Crawled caption data:

=== Begin Enclosure ===

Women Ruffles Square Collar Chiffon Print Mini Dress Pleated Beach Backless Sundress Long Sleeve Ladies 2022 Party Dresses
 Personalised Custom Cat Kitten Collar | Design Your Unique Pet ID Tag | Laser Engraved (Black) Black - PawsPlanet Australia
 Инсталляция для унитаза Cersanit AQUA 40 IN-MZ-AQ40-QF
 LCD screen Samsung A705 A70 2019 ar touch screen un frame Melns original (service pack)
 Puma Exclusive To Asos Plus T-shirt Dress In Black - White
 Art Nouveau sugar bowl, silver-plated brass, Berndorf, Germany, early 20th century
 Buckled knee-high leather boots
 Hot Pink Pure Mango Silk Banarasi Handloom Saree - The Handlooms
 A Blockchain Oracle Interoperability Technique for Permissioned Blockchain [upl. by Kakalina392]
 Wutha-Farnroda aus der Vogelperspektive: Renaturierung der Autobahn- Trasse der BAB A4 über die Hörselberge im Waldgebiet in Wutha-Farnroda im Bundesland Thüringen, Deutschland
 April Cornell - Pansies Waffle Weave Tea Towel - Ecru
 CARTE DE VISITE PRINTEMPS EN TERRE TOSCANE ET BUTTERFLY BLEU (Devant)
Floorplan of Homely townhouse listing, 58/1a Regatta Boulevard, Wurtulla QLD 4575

=== End Enclosure ===

# EXERCISE DETAILS
Copy all lines from the data above that contain the word "Black".

# TASK ANSWER
 Personalised Custom Cat Kitten Collar | Design Your Unique Pet ID Tag | Laser Engraved (Black) Black - PawsPlanet Australia
 Puma Exclusive To Asos Plus T-shirt Dress In Black - White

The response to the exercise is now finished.